Saturday, May 6, 2006

Pastebin design - Mnesia tables

I have started to design the tables for this. The main goal is simple: make it easily extendable. That is to say I want to make it so I can easily develope it incrementally and add things to it that I didn't think of before. But that should be obvious to any developer. Given the spec of my previous post, here is the beginning of the database.

paste - This is the table that will hold the actual pastes.
pid | text | annotation | language | date

pid - unique id to identify a paste
text - the actual text
annotation - any annotation the paster wants to include
language - Plaintext/C++/Erlang, etc
date - when they pasted it

highlight - cache of pastes that have been put through the source highlighter
pid | text | last_viewed

pid - the same as
text - result of being put through the highlighter
last_viewed - to keep track of when the entry should be removed

threads - paste threads
tid | [pid]

tid - the unique id for a thread
[pid] - list of pid's

I decided to have the thread table just contain an id and list so you don't have to do a bunch of queries to get every paste in a thread. This way a paste can be part of multiple threads (Although I don't see when this will ever happen). The paste table contains, I think, the minimalist amount of data in order to be useful. Using a highlight table means we can store, if we want, every single paste with a highlighted copy of the text, or just a few and use it as a cache style system. Later on we can also add the ability to associate a paste with an irc channel or a user if we wish to track that sort of information.

I'm not sure how to generate unique id's in mnesia. In a SQL database I would use a serial data type but I am unsure if mnesia supports this functionality. If not I suppose I could use newref maybe? I need to be able to convert it to a string to make url's, and also be valid between restarts.

As I think about it, I guess serials are just implemented as a table and store the integer in there, I can implement that in mnesia I suppose. It just needs to have some sort of get_and_increment functionality so two proceses don't get the same idea. If anyone has any ideas on how to implement this let me know. Bear in mind I have not looked at the mnesia documentation yet and am just brainstorming, so it is quite possible the solution is incredibly simple.

Next step - determine what pages pages will be needed.


  1. One common way of getting unique IDs in a database is to have a sequence table. Just a table with one row and one column, a number. Whenever you need a new unique sequence, grab it out of the table and increment the value. Just make sure you get the locking right when you grab ids.

  2. I and Joe Armstrong are working along similar lines. We should compare notes down the road.

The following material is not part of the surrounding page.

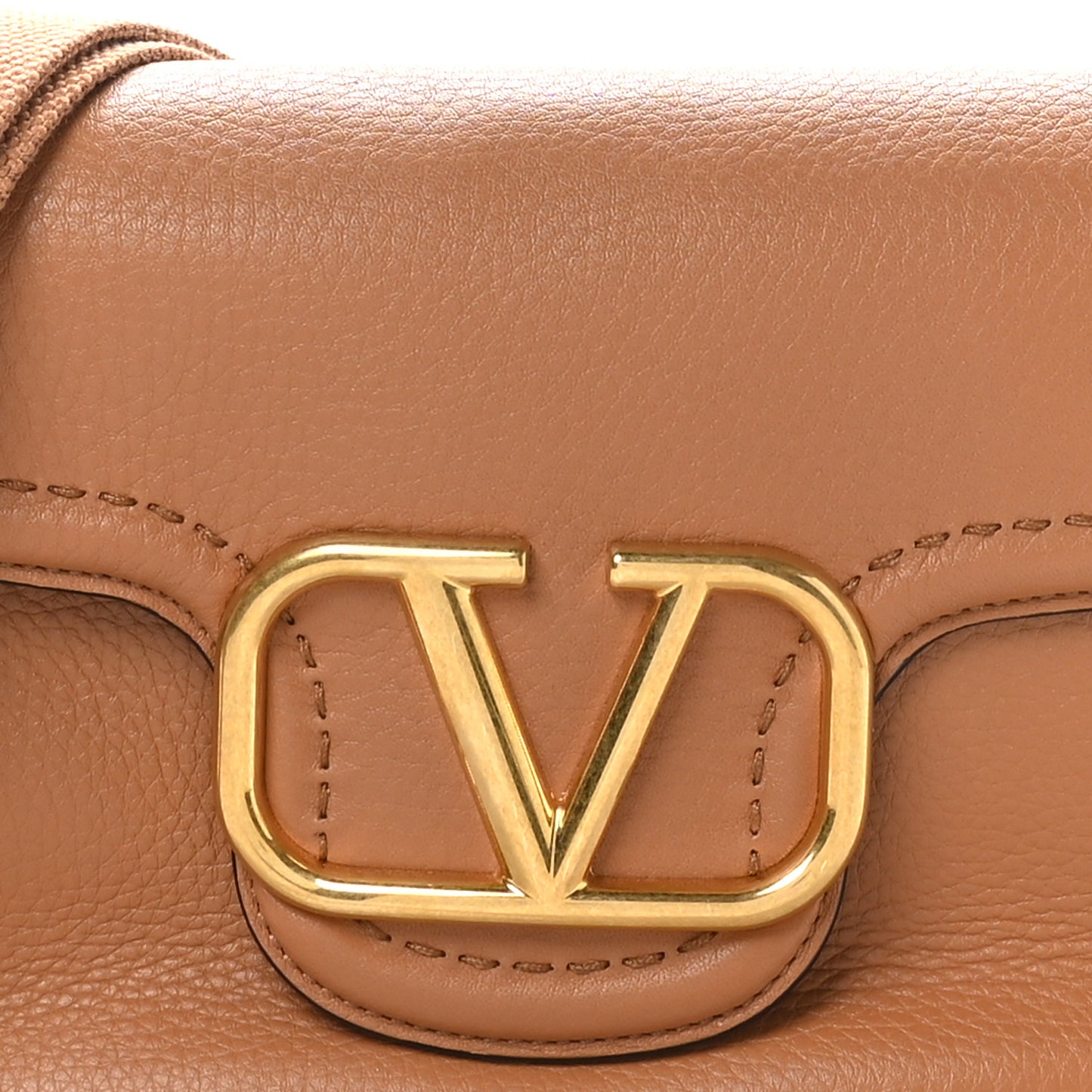 Soft Grainy Calfskin Alltime Shoulder Bag Almond Beige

    As for global IDs, one simple way of generating globally unique ids in Erlang is {node(), erlang:now()}. For my own blogging-forum backend (which is slowly taking shape), I've decided to keep a numeric prefix per erlang node in the cluster (stored as a user property on the schema table).

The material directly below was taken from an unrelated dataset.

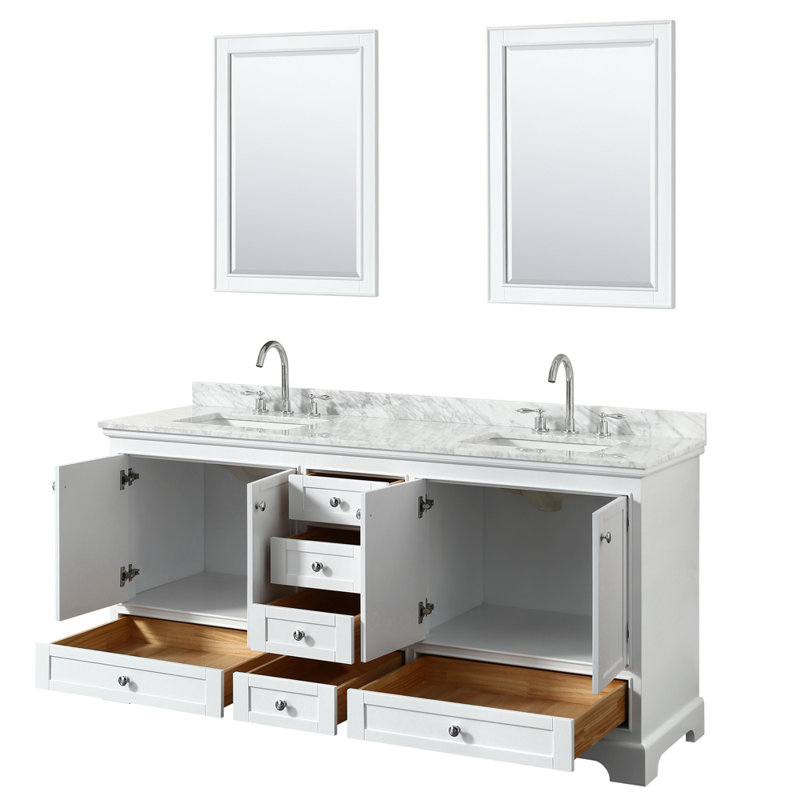 Deborah 72'' Double Bathroom Vanity with Marble Top, White, Brushed Gold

    I then use mnesia:dirty_update_counter() and check out a new prefix when the counter reaches a ceiling. It's a lot more work than the {node(),erlang:now()} approach, but the IDs become much more compact and web-friendly.

    /Ulf W

  3. I believe Ulf was complementing anonymous's comment. I was just in the #erlang channel on Freenode and people were helping me out.

    Create a separate table, with just one column, which is an integer. Then call mnesia:dirty_update_counter/3 and it will increment the integer and return the new value. Then use the new value for inserts into your other tables. It should also be noted that it is convenient for use as a Globally Unique ID.